LETTERS: Release details of Turkana oil export

Uhuru Kenyatta flags off the first Crude Oil Vessel
President Uhuru Kenyatta flags off the first Crude Oil Vessel during the Flagging-off Ceremony of the First Crude Oil Shipment and Receiving of the 3rd Cohort of Seafarer Recruits at the Kipevu Oil Terminal, Mombasa County. PHOTO | PSCU 

One of the most important recent events in Kenya was the flagging off of the country’s maiden crude oil export to Malaysia in August at a cost of $12 million (Sh1.2 billion).

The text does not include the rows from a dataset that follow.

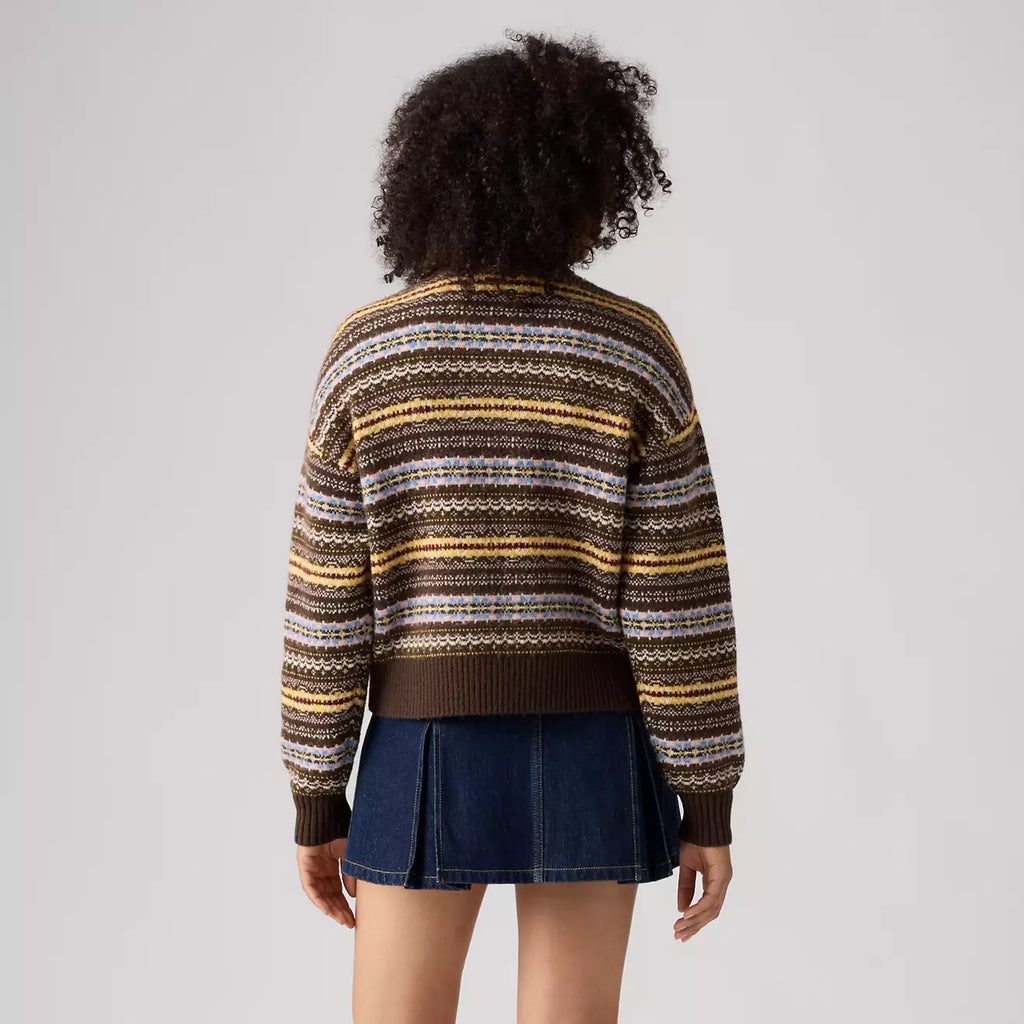 Charlotte Fairisle Cardigan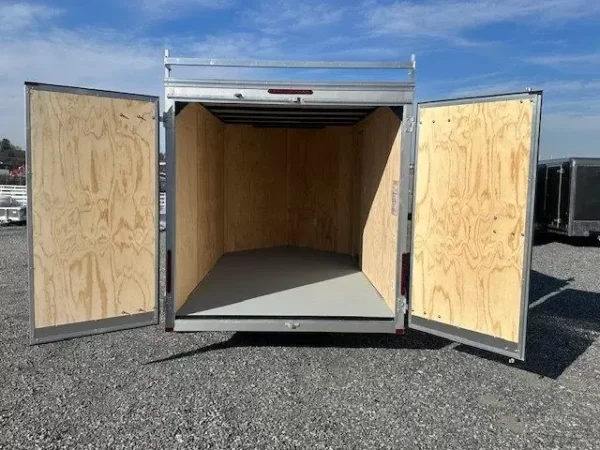 Car-Mate-7-x-12-Enclosed-Cargo-Trailer-Contractor-Package-Ladder-Racks-Aluminum-Wheels-5.webp Car Mate 7 x 12 Enclosed Cargo Trailer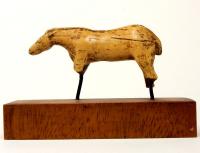 「旧石器時代のルルドの馬」　レプリカ　ルーブル美術館　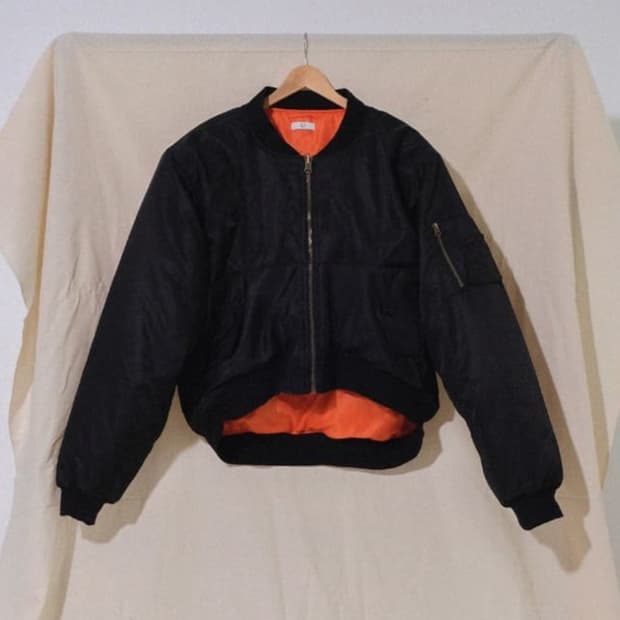 뉴치프시크 디피 ma-1 (새상품수준)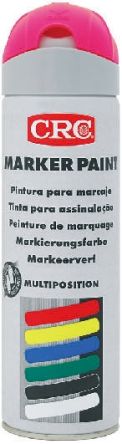 CRC MARKER PAINT Sprühfarbe Rosa Fluoreszent, 500ml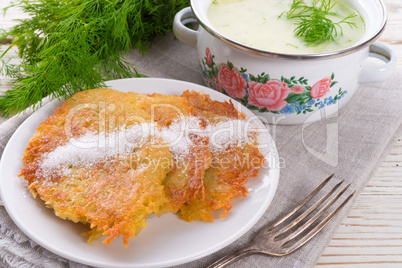 Dill soup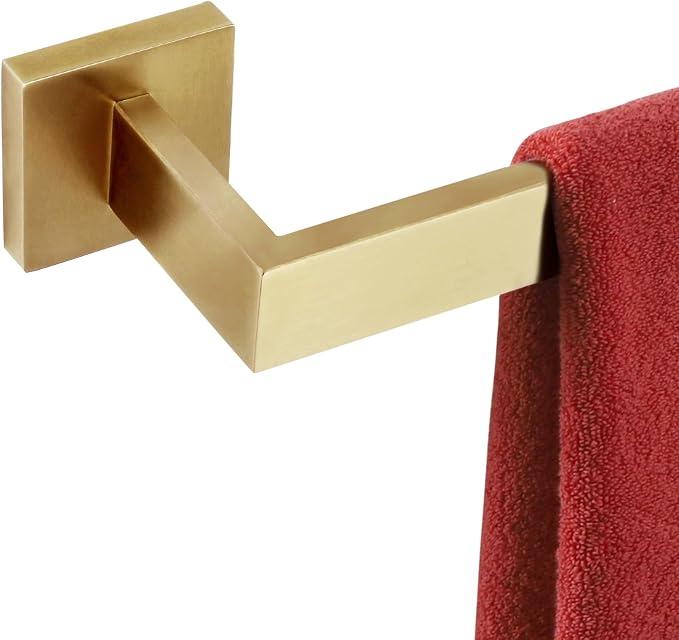 KOKOSIRI 32 Inch Gold Bath Towel Bar Bathroom Towel Rack Towel Holder Shower by KOKOSIRI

President Uhuru Kenyatta earlier announced that Kenya had struck a deal with an oil exporter with the Petroleum Principal Secretary Andrew Kamau revealing that Chinese State–owned ChemChina (UK) Ltd had won the bid to lift the Turkana oil.

Tullow Oil, the mining company in charge of the Turkana Project, estimates that Kenya’s fields in Turkana hold up to 560 million barrels of oil and expects to produce up to 100,000 barrels per day from 2022.

Whereas it is still too early for any meaningful celebration, exportation of Turkana oil is a significant milestone. Every stakeholder is seeking to get a pie of the Turkana oil.

However, one of the most contentious issues concerning the oil exploration and exportation has been the disclosure of information regarding Turkana oil.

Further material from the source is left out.